Librairie Hachette (p. 369-381).

CHAPITRE XXVI


Grande médecine contre l’incendie. — Cérémonie compliquée. — Mendicité de Kassonngo. — Conduite révoltante des gens d’Alvez. — Sans pitié pour le faible, rampants devant le fort. — Générosité de Djoumah Méricani. — La rivière du Diable. — Arbres étrangers. — Mes gens prennent du pommbé pour de l’eau. — Marais et fondrières. — Fourmilières gigantesques. — Monarque redouté de son peuple. — Présent bien accueilli. — Effroi d’un chef. — Tactique d’Alvez. — Un nouvel arrivant. — Détresse. — Je me décide à partir seul. — Résultat de la fermeté.

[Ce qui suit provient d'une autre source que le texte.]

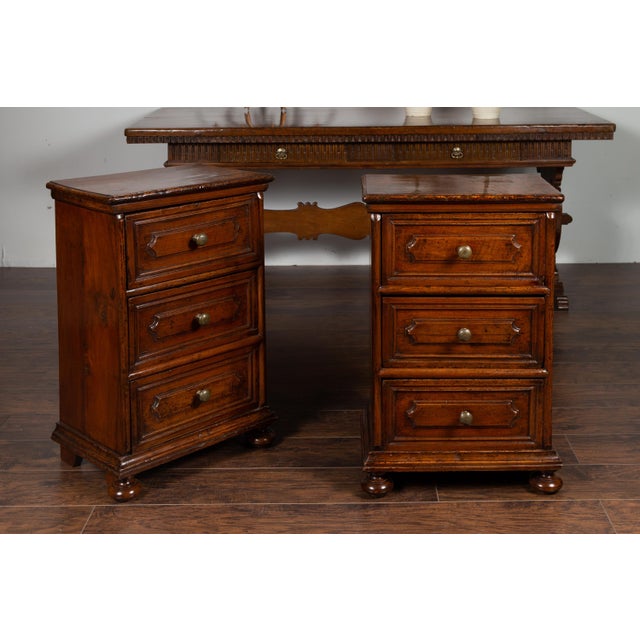 Pair of Italian 1860s Walnut Petite Commodes with Three Drawers and Bun Feet For Sale In Atlanta - Image 6 of 12
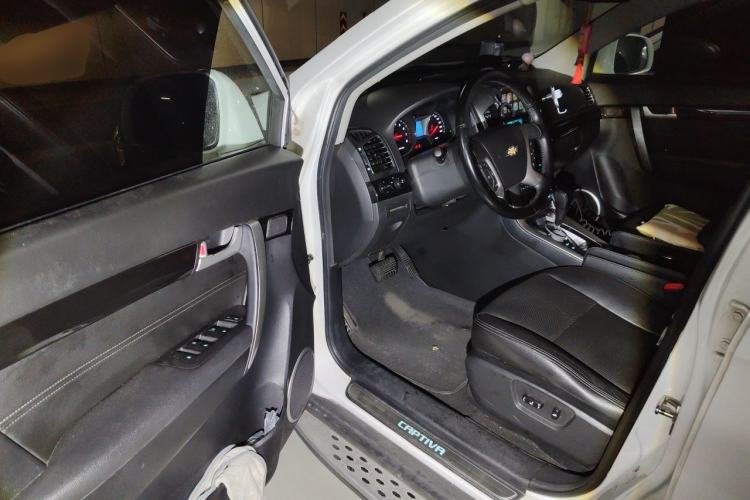 Used Chevrolet Captiva 2015 2.4L 4x4 Flagship Edition 7-Seater Driver Seat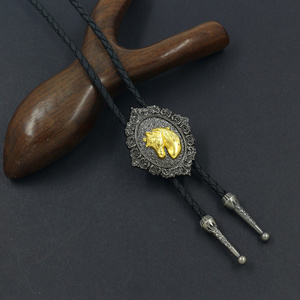 Nuevo Producto: Collar de Cuero con Diseño de Cabeza de Caballo y Cabeza de Vaca, Estilo Bolo Tie para Hombres y Mujeres - Product Image 2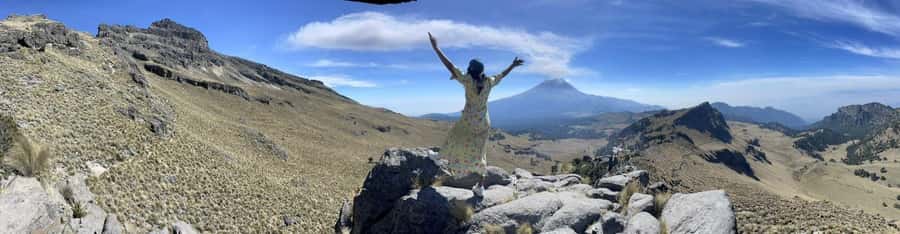 From Mexico City: Hike and Adventure to Iztaccihuatl with an Expert Guide - The Drive to Paso de Cortés and Initial Views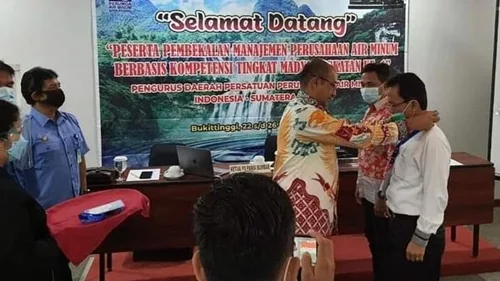 Ketua PD Perpamsi Sumbar Buka Diklat Pembekalan Manajemen Perusahaan Air Minum Tingkat Madya Angkatan I Tahun 2021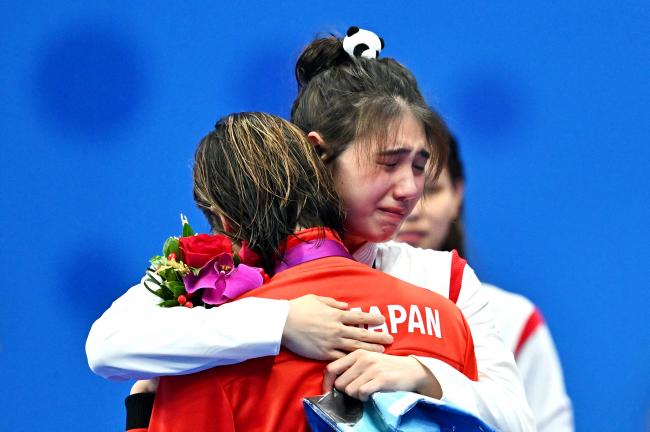 张雨霏拥抱日本白血病选手 她给王楠树立了榜样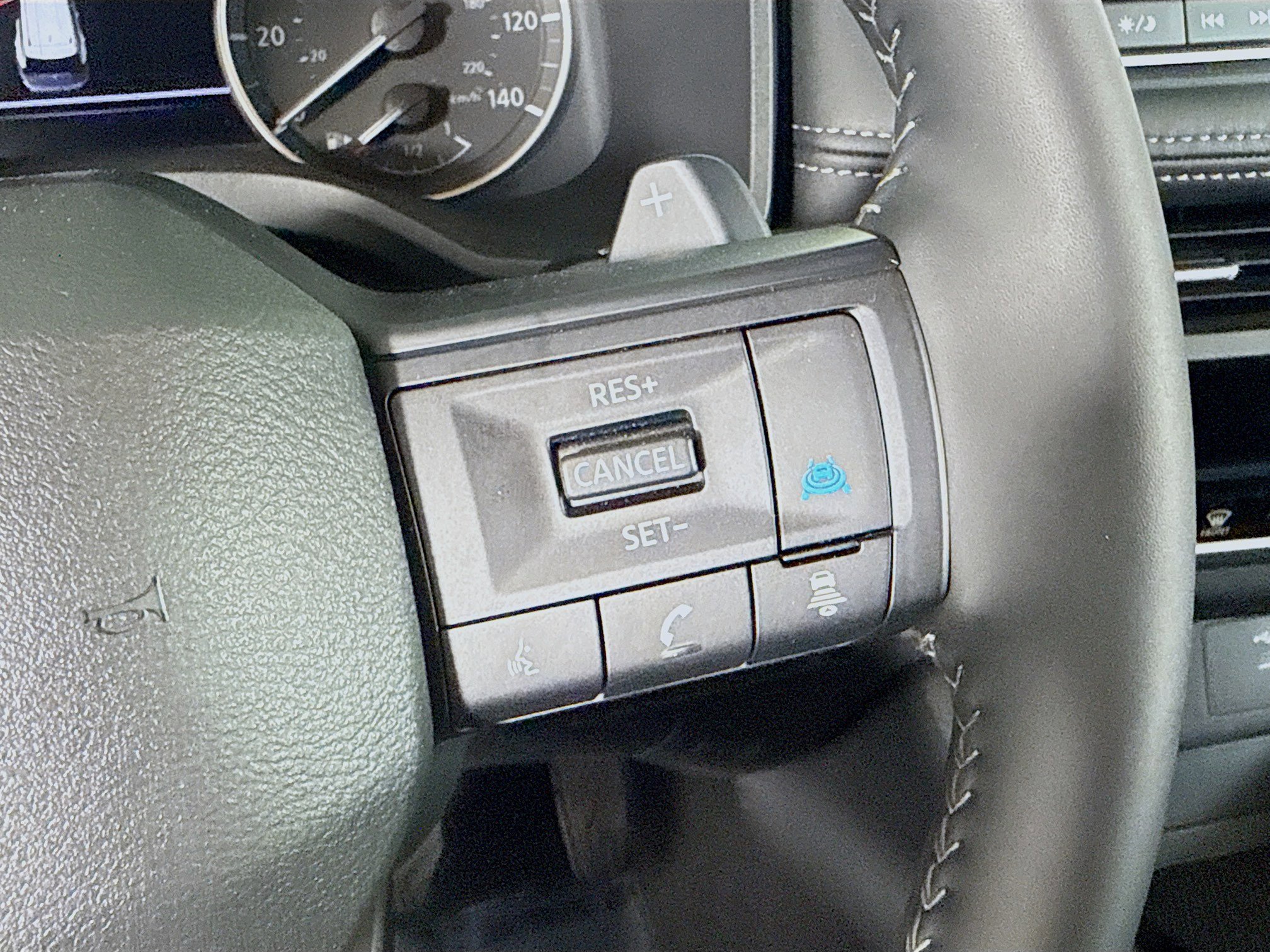 Used 2026 Nissan Rogue SV image 15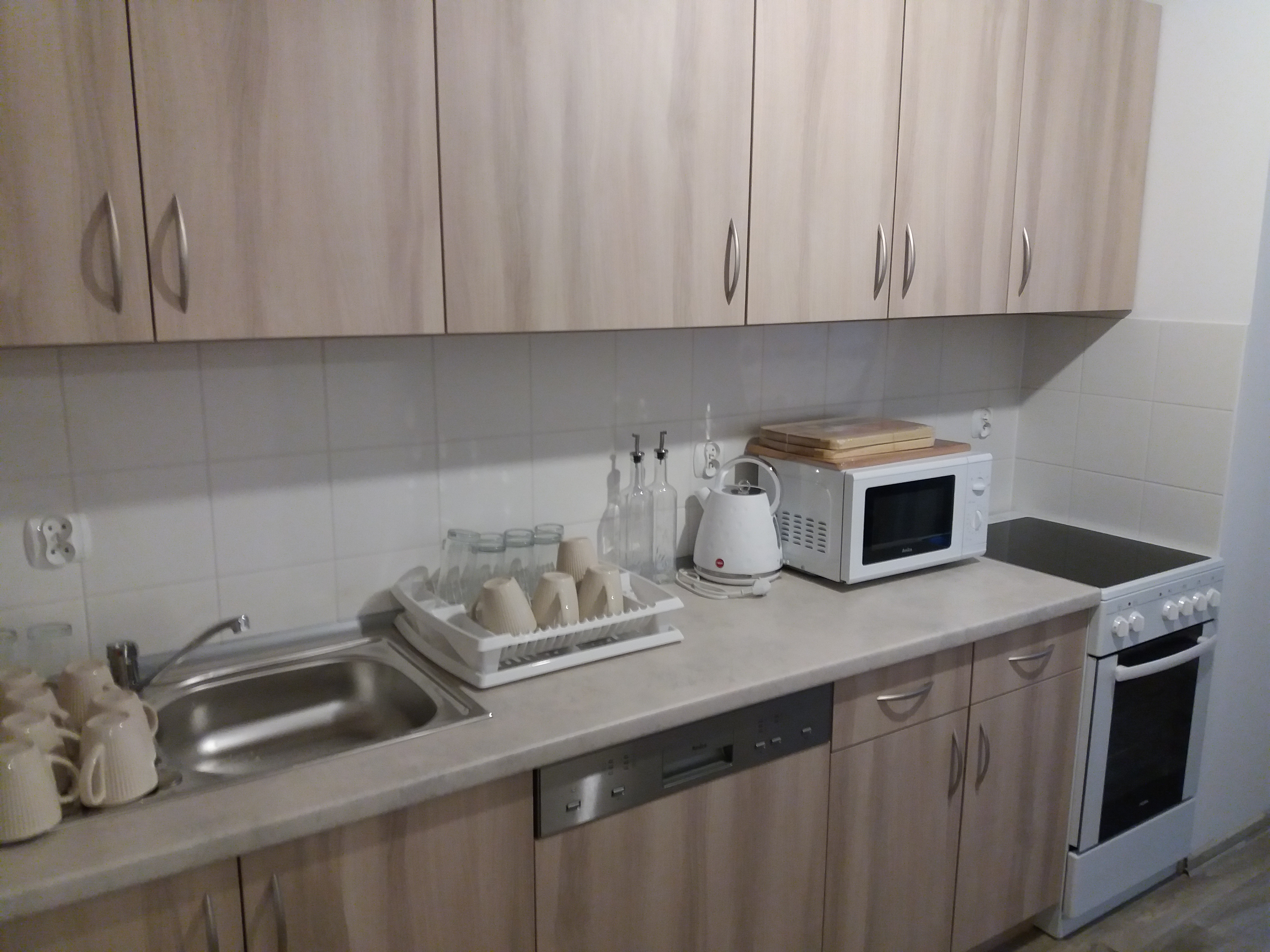 Pomieszczenie kuchenne z meblami.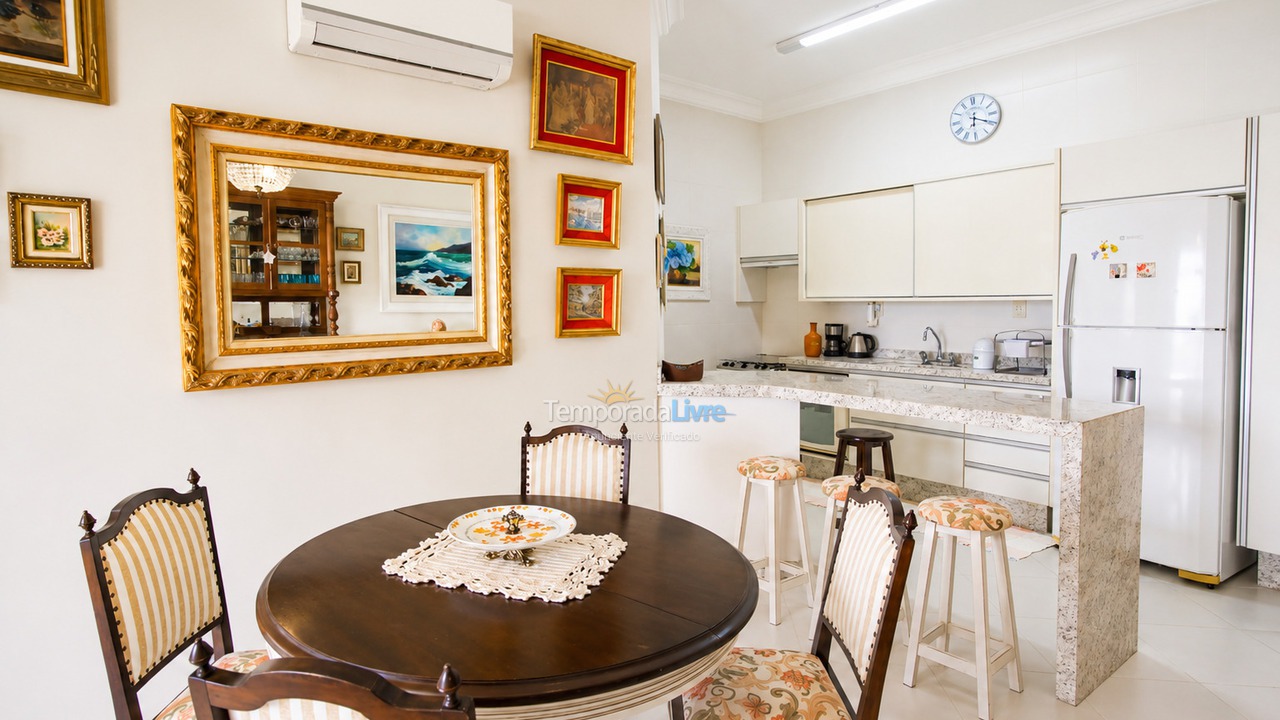 Apartamento para aluguel de temporada em Florianopolis (Canasvieiras)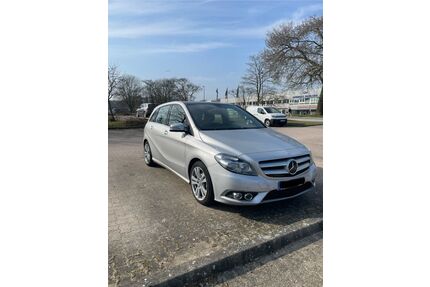 Mercedes-Benz B 180 Gebrauchtwagen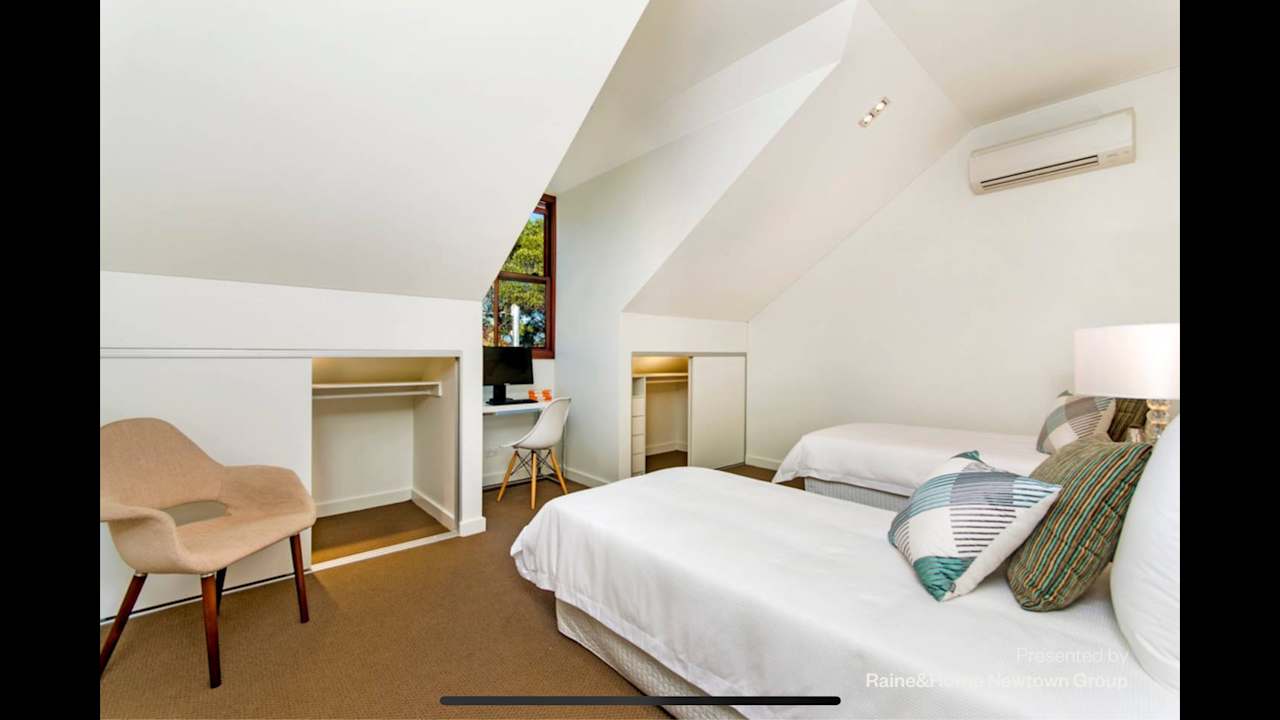 Room in a share house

Avant de consentir à se mettre en route, Alvez avait déclaré qu’il fallait se préserver de l’incendie par une grande médecine, le feu étant fort à craindre dans la saison sèche où l’on se trouvait alors ; nous étions payés pour le savoir.

Malgré sa qualité de chrétien, le chef de notre caravane paraissait croire fermement à l’incantation, et avait engagé à Bihé un féticheur pour toute la durée du voyage. Les services divinatoires et magiques de cet individu étaient payés le même prix que ceux d’un porteur, mais avec adjonction d’un casuel. C’était ce magicien qui devait nous prémunir contre le feu.

La cérémonie commença un peu avant la chute du jour, et se fit aussi près que possible de l’endroit où l’incendie avait éclaté. J’avais beaucoup ri d’abord en entendant Alvez donner l’ordre d’acheter la chèvre la moins chère qu’on pût trouver : cet animal était nécessaire à l’accomplissement des rites.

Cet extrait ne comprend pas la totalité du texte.